Many pet parents enjoy a drink of liquor every so often. It can be taken with food or snacks and be part of a special meal with friends and family! But what happens if a dog drinks liquor? Can the liquor make a dog sick?
Has your dog drunk liquor? Are you worried the liquor will make your dog sick? If so, then you’ve come to the right place. We understand it can be scary when your dog drinks something like this.
In this article, we’ve put together some information about liquor and whether it can make a dog sick. Let’s get started!
What is Liquor?
Liquor is made with alcohol and is sometimes referred to by other names, including spirit, hard liquor, or distilled alcohol. Liquor is an alcoholic drink made by distilling grains, fruits, and vegetables that have been fermented for this purpose.
Liquors come in a wide range of products, including brandy, vodka, gin, rum, tequila, and whisky. Each type of liquor has a different percentage of alcohol; however, they usually contain more alcohol than beer and wine.

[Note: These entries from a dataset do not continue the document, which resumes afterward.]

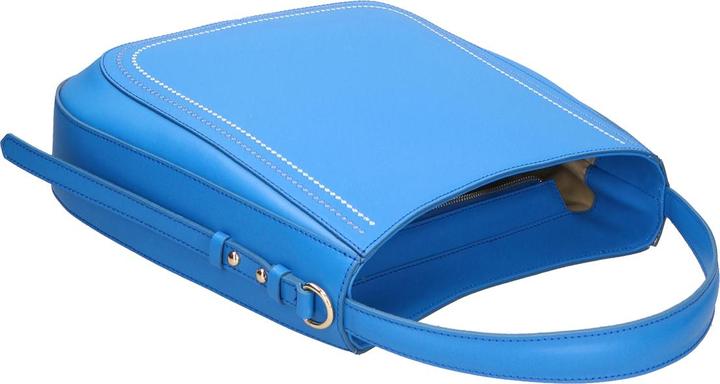 Actual product image Gave Lux Handbag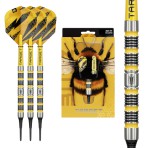 Soft Dartpfeil Set Target - Buzz 11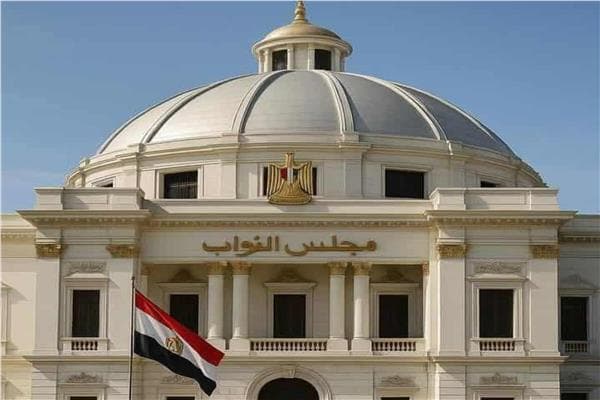 Egypt does not produce insulin fully but compounds it with imported ingredients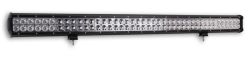 38 LED-Lightbar/Fernscheinwerfer...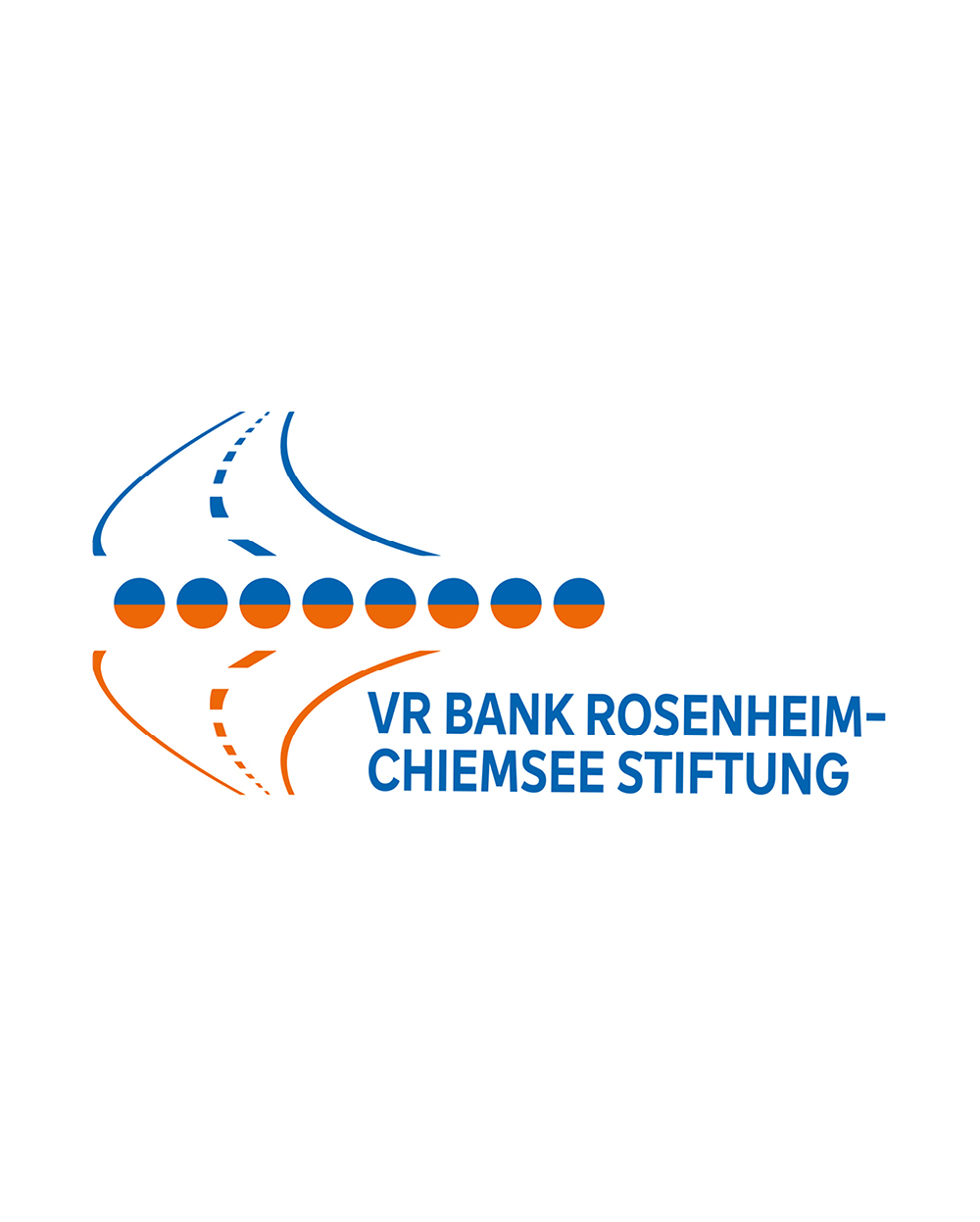 VR Bank Rosenheim-Chiemsee Stiftung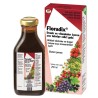 Hyper Floradix Sıvı Takviye edici Gıda 250 ml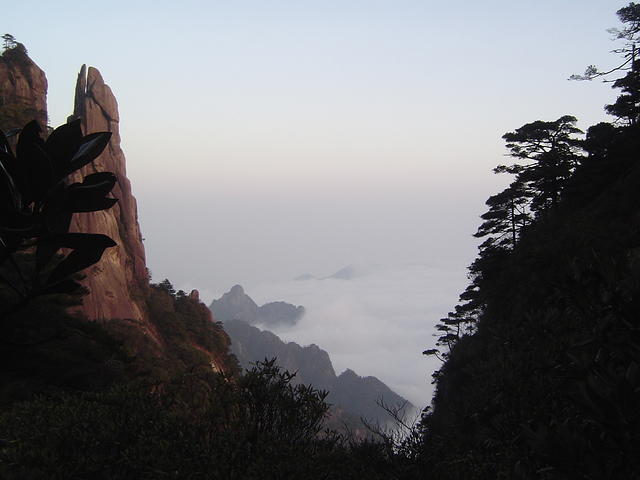 DSC01585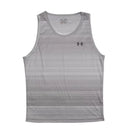 XLOff White
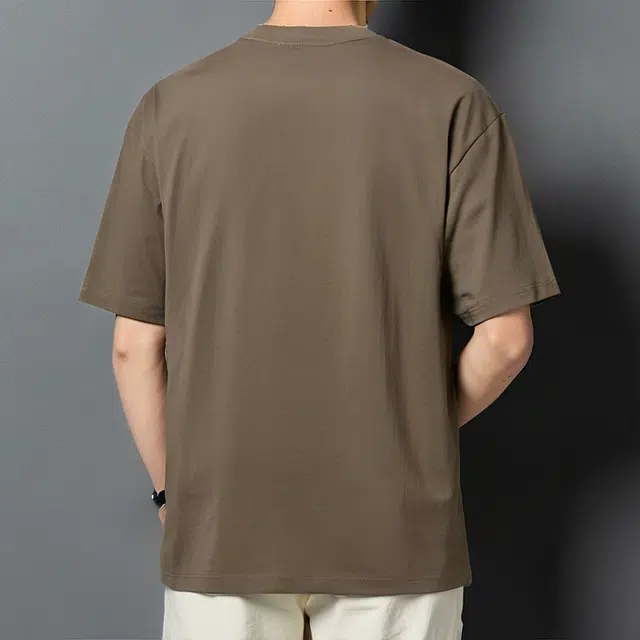 SLLAVIF T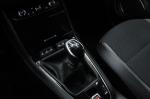 opel-grandland-x-2021-diesel-1499cc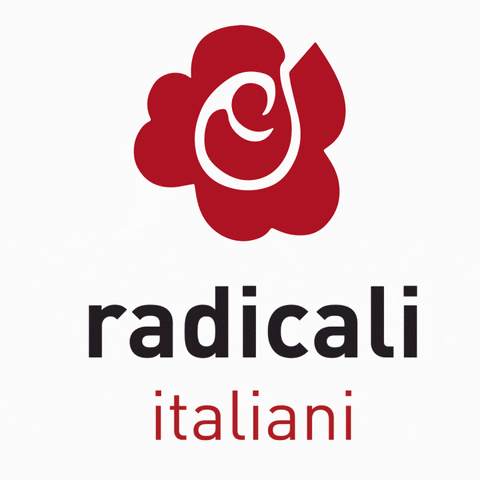 Cannabis GIF by Radicali Italiani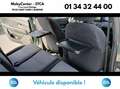 Dacia Jogger 1.6 hybrid 140ch Extreme 7 places Alb - thumbnail 14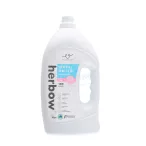 Herbow textilöblítő tündér baba 3000ml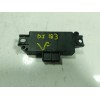 Recambio de modulo electronico para renault zoe life referencia OEM IAM  259906372R 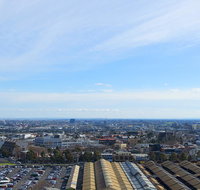 Complete Host CBD Lighthouse Apartments - ACT Tourism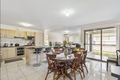 Property photo of 21 Ranson Road Gympie QLD 4570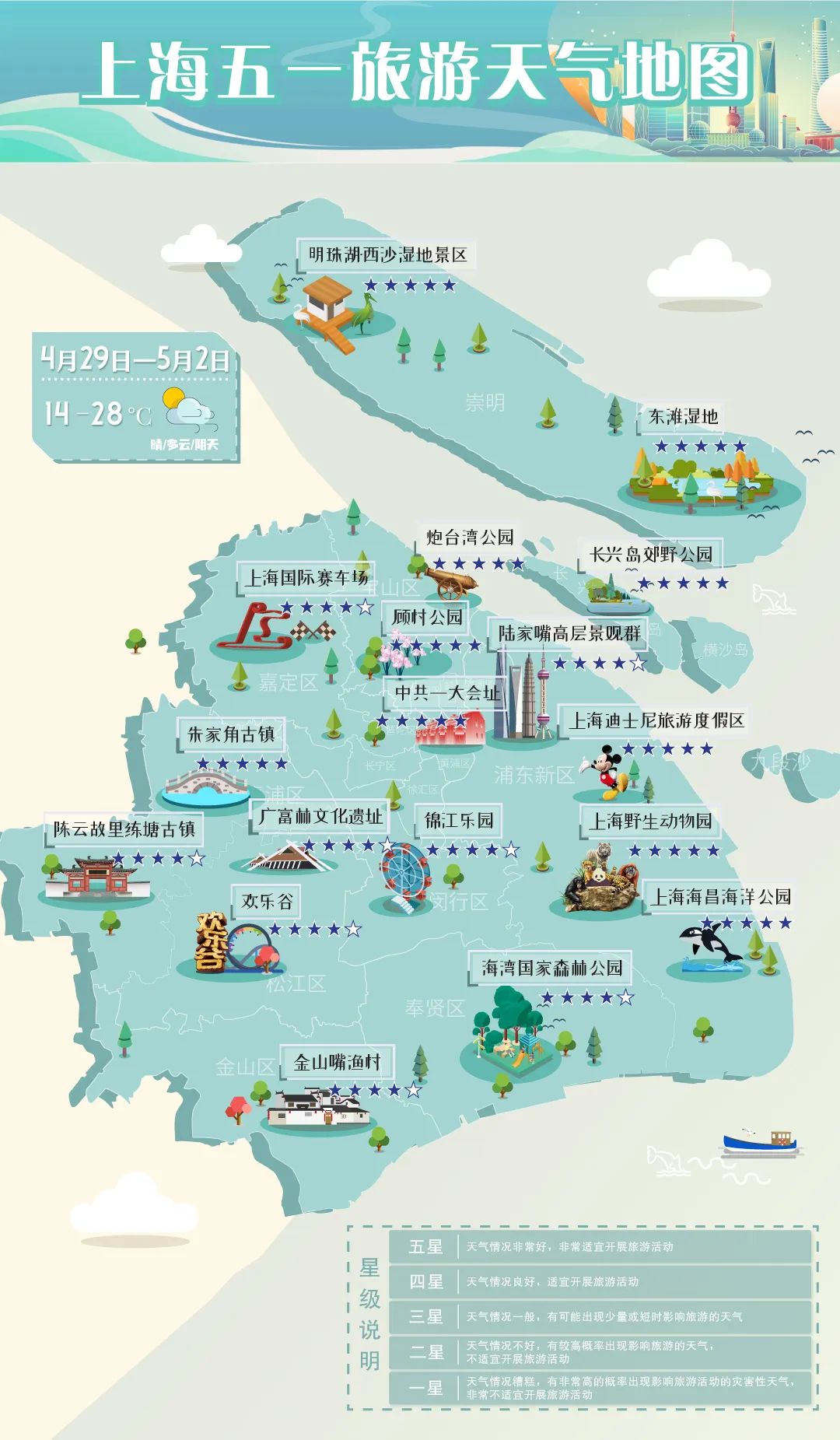 澳门六月中旬的天气状况及旅游体验澳门六月份气温多少度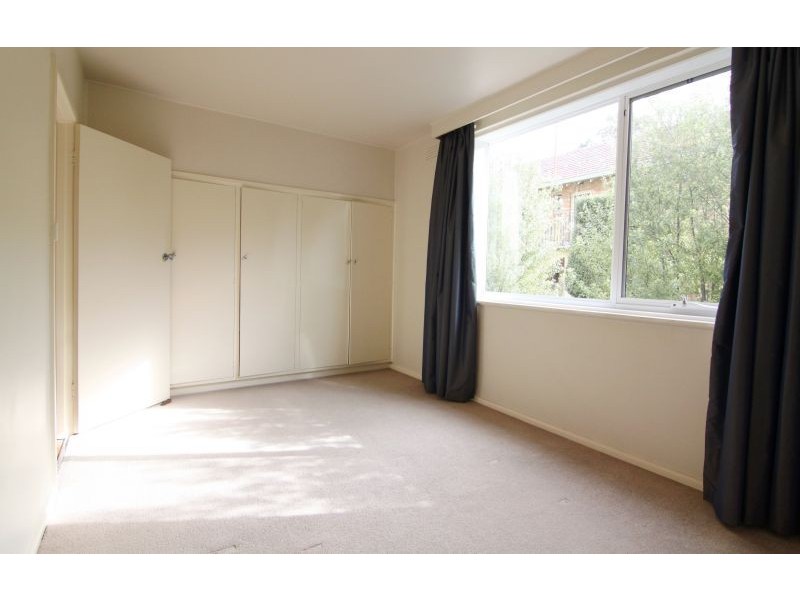 4/1587 Malvern Road, Glen Iris VIC 3146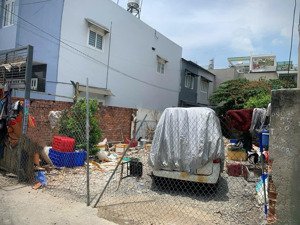 bán đất 172m² đường 36 hiệp bình chánh, ngang 7.6m cực đẹp, giá tốt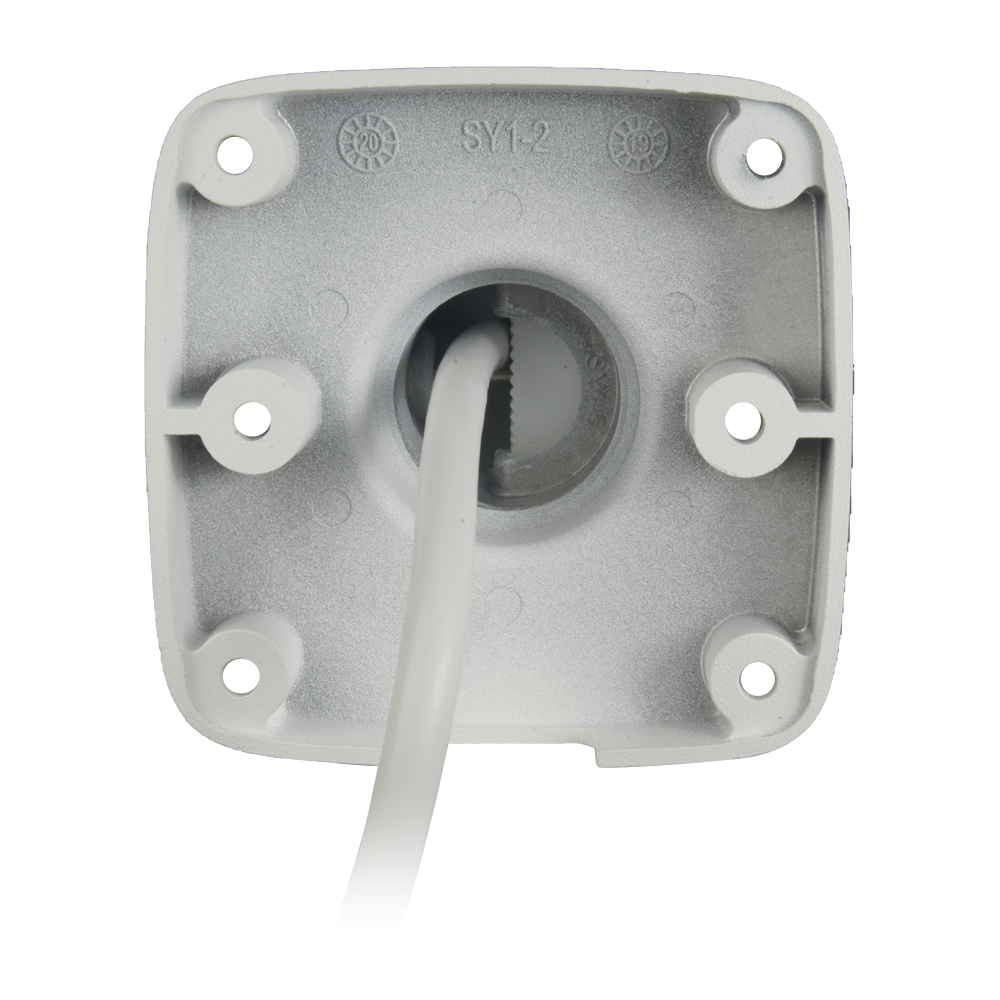 UV-IPC2325SB-DZK-I0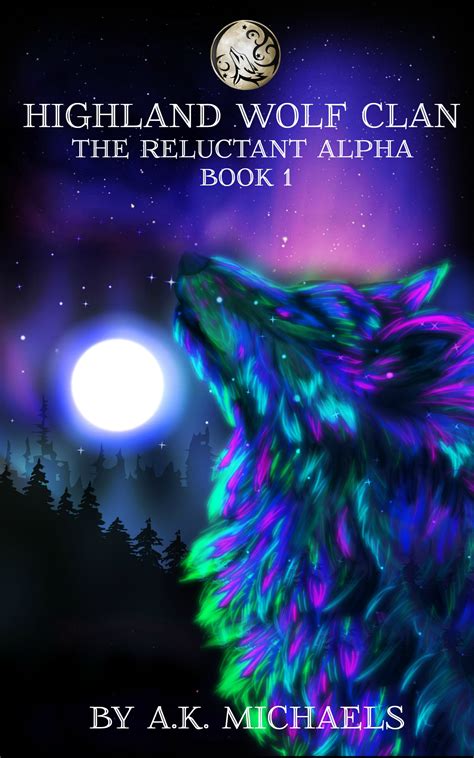 Highland Wolf Clan Book 4 Despair and Destiny Volume 4 PDF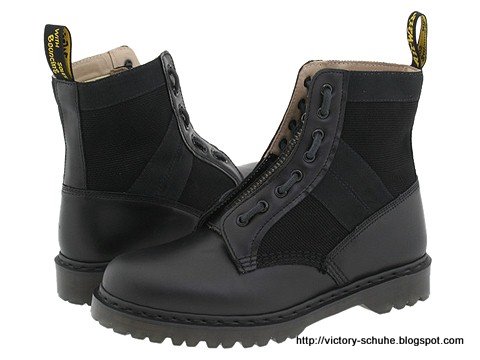 Victory schuhe:victory-285757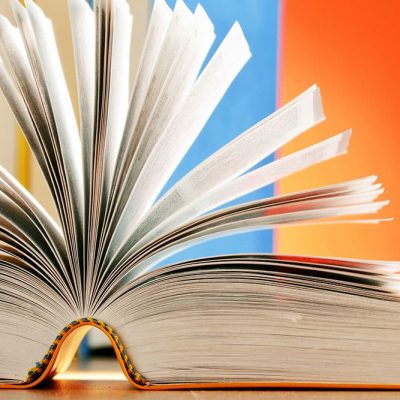 book-4 book-4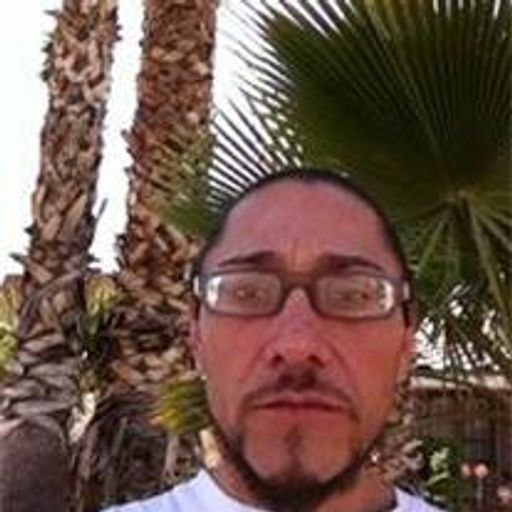 David Dominguez Profile Photo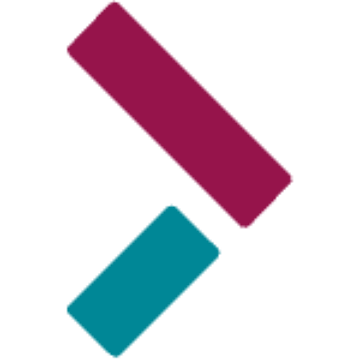 Plusnet GmbH - Ein Unternehmen der EnBW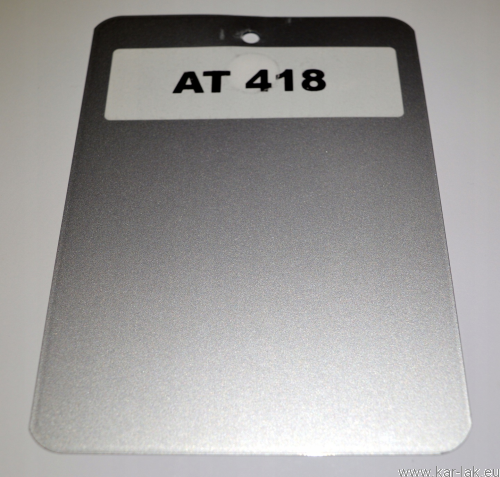 AT 418.png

The alcohol in these drinks has psychoactive effects, leading to alcohol intoxication (being drunk) or alcohol poisoning. The drinks, if imbibed too often, can also cause some significant health problems in humans. But what about dogs? Can alcohol make a dog sick?
Alcohol & Dogs
Unfortunately, alcohol can make dogs very sick. Dogs are not able to metabolize alcohol in the same way we do. The dog’s body absorbs alcohol quickly in the digestive tract. The effects may show up within 30 to 60 minutes after the dog drinks the liquor.
Symptoms of Alcohol Toxicity in Dogs
You may notice these symptoms if your dog drinks liquor:
- Loss of bodily control
- Excessive drooling
- Excitement, which changes to depression
- Loss of consciousness
- Difficulty breathing
- Slow heart rate
- Heart rhythm problems
If your dog shows any of these symptoms, then call the vet immediately. This is an emergency.
Be sure to let the vet know what type of liquor the dog has drunk. And tell the vet about what time this occurred. This information can help the vet determine how to help your dog.
Remember, a dog can die from untreated alcohol poisoning. So, do not wait to see if your dog’s symptoms worsen or improve over time. He needs to be treated right now. Dogs who receive prompt treatment for alcohol poisoning have the best chance of making a full recovery.